A Broke-Ass Guide to Beating the Heatwave
It’s going to be hot. Hot, like up to 100+ degrees in Concord kind of hot. For those out there without the luxury of air conditioning, heat like that can be miserable and debilitating for you and your pets.
The best, and cheapest, ways to avoid getting sick from the heat are really quite simple.
Strip! Get down to as little clothing as possible. Take off any tight or unnecessary clothing and especially shoes and shoes if at all possible. Dig out the flip-flops even if your toes are jacked — when it’s this kind of hot, nobody gives a shit about your feet. If you’re home and won’t traumatize small children, have yourself an underwear day.
Stay hydrated! Keep a bottle of water on you at all times and drink more water than you normally would. Alternate between water and beverages with electrolytes, and don’t shy from a little salt with your meals. Unfortunately, caffeine and alcohol can dehydrate you — avoid them as much as possible through the hottest part of the day and reward yourself with a beer once it cools down.
Shower! Forget water conservation for just these couple of days and jump in for a cool shower as often as you need.

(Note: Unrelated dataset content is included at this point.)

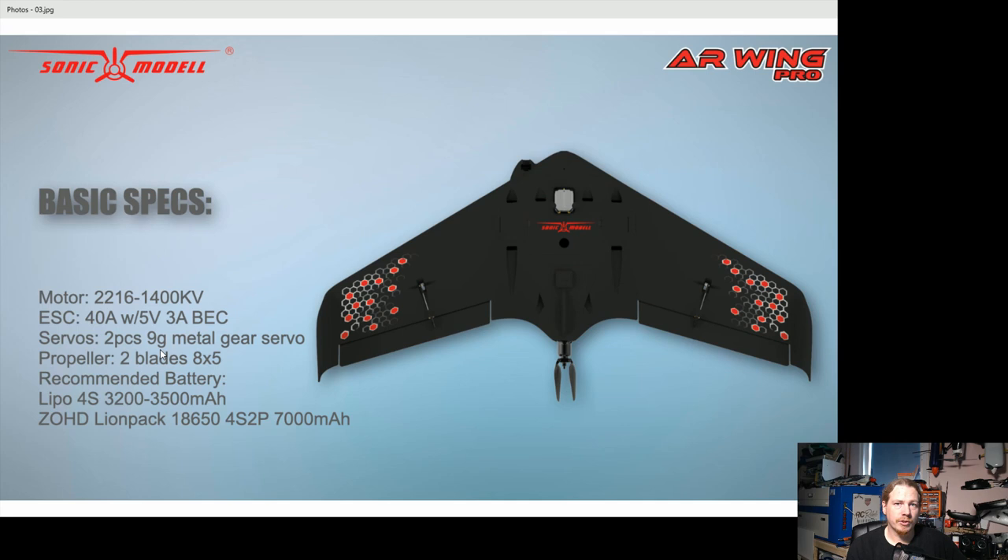For battery recommendations, with a LiPo they're saying 4S 3.2 to 3.5Ah, and for a lithium pack they've got it down as a 4S 2-piece 7000mAh, which is huge — you'll fly for days with that. So there's quite a good range of options there, and as we'll see the actual battery bay is huge. I'm guessing it's the lifting weight that's limiting that specification.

Keep cool! If home, close all the windows and doors and darken up the joint right now! Keep as much cool inside and heat outside as you possibly can. Open things back up once the air starts to move and it’s cooler outdoors than it is indoors, and then repeat cycle for Thursday morning. Turn on every fan you can find! Use damp washcloths or paper towels to put around your neck and bust out the spray bottle if you have one.
Keep your pets safe! Skip the walk over the next two days if you can. High temperatures can burn their paws on asphalt or concrete and they are just as susceptible to heat-related illness as you are. Use the shower, fans, and paper towel tricks for your four-legged friends and keep their water bowls full — adding ice cubes to their water can help quite a bit.Heatwave image courtesy of Shutterstock
If needed, find your local cooling center.

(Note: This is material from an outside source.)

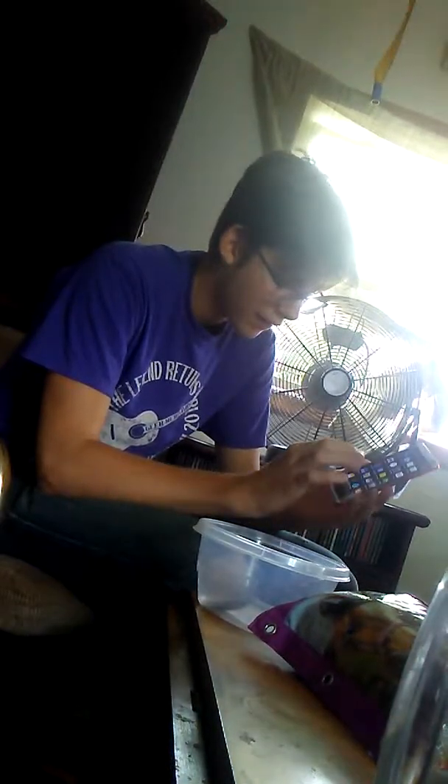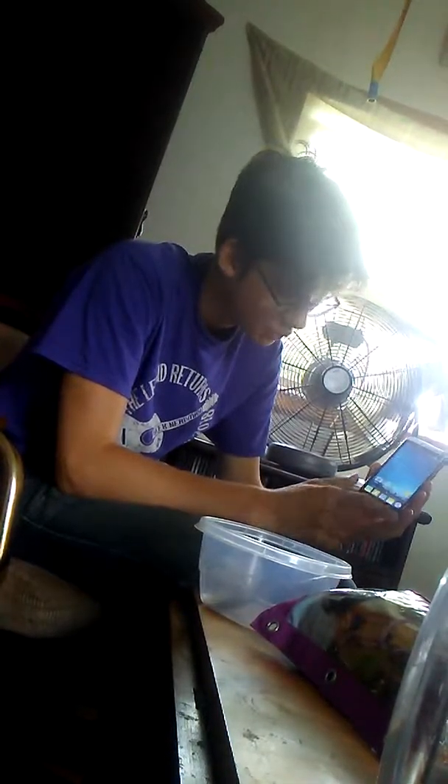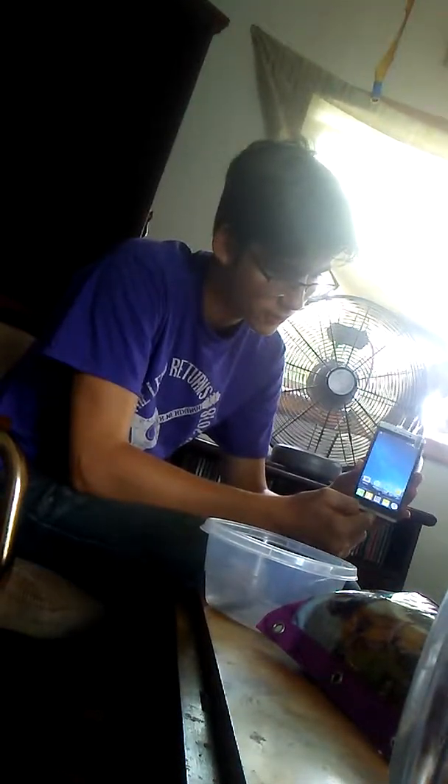I got face unlock right here, and fingerprint scan right here too — that is awesome. I have the back buttons here, and of course the options key, which is a little older-style, but I don't care about that. It's got black bezels and then like a white bezel, which I've never seen on a phone before.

The Concord Senior Center at 2727 Parkside Circle opens as a cooling center when temperatures rise above 100 degrees. The center will be open from 9 a.m. to 7 p.m. Wednesday and from 9 a.m. to 5 p.m. Thursday.
Additional cooling centers are offered throughout Contra Costa County and can be found through the county’s updated resource list.

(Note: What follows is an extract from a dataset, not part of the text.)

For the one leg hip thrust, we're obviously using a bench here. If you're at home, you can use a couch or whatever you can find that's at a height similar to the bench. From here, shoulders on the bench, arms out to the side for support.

Check out the local community pools, which often open up for free swim during heatwaves, or look into spray parks in your neighborhood. Do some mall window shopping and hijack their air conditioning for the day or if you have $20 bucks, hit up the movie theater for a couple hours of relief.
The risk of heat-related illness increases with age but younger folks, especially athletes, may also be vulnerable. It’s important to understand the symptoms so that you can recognize it in yourself and others and seek medical care if necessary.
Heat cramps are usually brought on by working or exercising in a hot environment and result in painful muscle cramps that can occur hours after the activity. Excessive sweating and replacement with just water can add to the risk. In this case, sodium is your friend, as are electrolytes. There are tons of electrolyte products out there that promise super human endurance but good old fashioned Pedialyte can help set you straight.
Heat exhaustion is heat stroke’s less harmful but still dangerous baby brother. It’s obviously induced by exposure to high temperatures and often associated with dehydration of either water or salt in your system, caused by excessive sweating. Symptoms can include: confusion, dark-colored urine, dizziness, fainting, fatigue, headache, cramps, nausea, vomiting, diarrhea, pale skin, profuse sweating and rapid heartbeat. If left untreated, heat exhaustion can progress to heat stroke, which absolutely requires medical care. Don’t let it get there if you can avoid it.
Heat stroke is nothing to toy with. The illness, which often progresses from the lesser heat-related illnesses above, can cause mess with your nervous system, cause brain damage, put you into a coma or kill you if untreated. Keeping your core body temperature under 104 degrees is key to avoiding heat stroke, so do that any way you can. Seriously. Symptoms to watch for include: fainting; throbbing headache; dizziness and light-headedness; lack of sweating; red, hot and dry skin; muscle weakness or cramps; nausea and vomiting; rapid heartbeat; rapid, shallow breathing; confusion, disorientation or staggering; seizures and unconsciousness.
Go to the hospital, even if you do not have insurance, if you think you are experiencing heat stroke and call your local county advice nurse if you have questions.
You can reach an advice nurse for Contra Costa Health Services 24 hours a day, seven days at week at 1-877-661-6230, option 1. In Alameda County, advice nurses are available at 1-888-433-1876.
In dealing with heat-related illness, remember it’s better to be safe than sorry.